In [None]:
from datascience import *
from prob140 import *

import numpy as np
from scipy import stats

import pandas as pd
import seaborn as sns
import matplotlib.pyplot as plt
plt.style.use('fivethirtyeight')
%matplotlib inline

# Worksheet 11 #

## 1. Gamma and Poisson Conjugacy
Let $X_1, X_2, \ldots, X_n$ be i.i.d. Poisson $(\theta)$, and let the prior distribution of $\theta$ be gamma $(r, \lambda)$.

**(a)** Find the posterior distribution of $\theta$ given $X_i = x_i$ for $1 \le i \le n$.

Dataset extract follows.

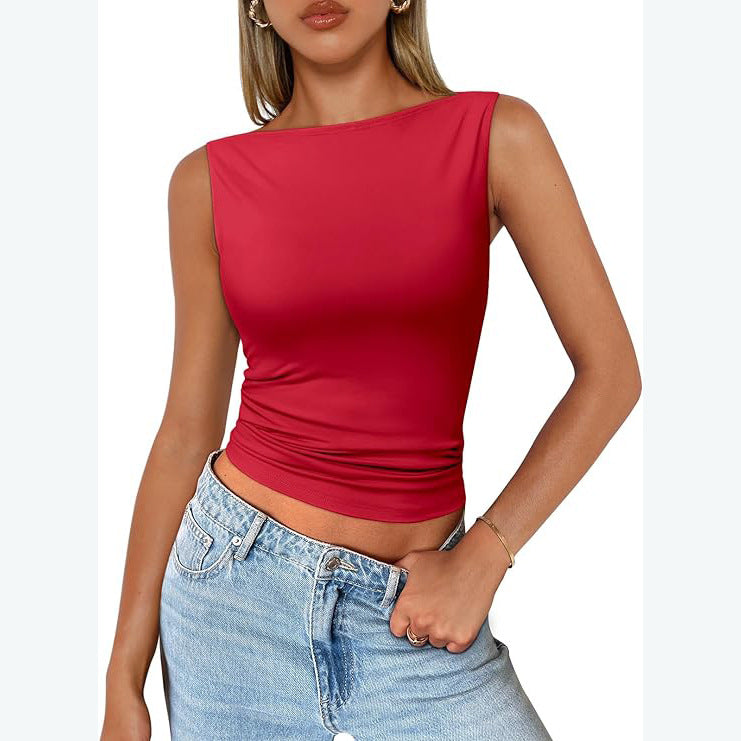 y2k dress to impress Women's Pullover Sleeveless Hot Girl Outer Wear Square Collar Vest Women's Inner Wear Dopamine Top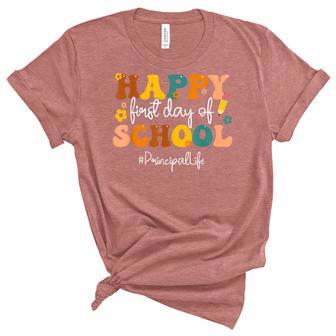 Happy First Day Of School Funny Principal Back To School Unisex Crewneck Soft Tee - Thegiftio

**(b)** Find the Bayes estimator of $\theta$ using squared error loss. Is it a weighted average of the prior mean and the MLE?

## 2. Times to Extinction

*The below is adapted with permission from Professor Mike Jordan's Statistics 260 class [Bayesian Modeling and Inference](https://people.eecs.berkeley.edu/~jordan/courses/260-spring10/lectures/index.html).*

Paleobotanists estimate the moment in the remote past when a given species became extinct by taking cylindrical, vertical core samples well below the earth's surface and looking for the last occurrence of the species in the fossil record, measured in meters above a point $P$ at which the species was known to have first emerged. Letting $\mathbf{Y} = (Y_1, \ldots, Y_n)^{\rm T}$ denote a sample of such distances above $P$ at a random set of locations, the model
    $$Y_i \stackrel{\rm \tiny iid}{\sim} \text{Uniform}(0, \theta), \qquad i = 1, \ldots, n$$
emerges from simple and plausible assumptions. In this model the unknown $\theta > 0$ can be used, through carbon dating, to estimate the species extinction time. This problem is about Bayesian inference for $\theta$, and it will be seen that some of our usual intuitions do not quite hold in this case.


**(a)** Show that the likelihood function for $\theta$ can be written as 
    $${\rm Lik}(\theta) = \theta^{-n} \mathbf{1}(\theta > \max(Y_1, Y_2, \ldots, Y_n))$$
where $\mathbf{1}(A)$ is $1$ if $A$ is true and $0$ otherwise.

**(b)** The Pareto distribution with shape parameter $\alpha > 0$ and scale parameter $\beta > 0$ has density
    $$p(\theta) ~ = ~ 
            \begin{cases}
                \alpha\beta^\alpha \theta^{-(\alpha+1)} & \text{if } \theta \ge \beta \\
                0 & \text{otherwise.}
            \end{cases}$$
We say that $\theta$ has the Pareto $(\alpha, \beta)$ distribution.
    
Show that the likelihood function for $\theta$ corresponds to a Pareto distribution and find its parameters. 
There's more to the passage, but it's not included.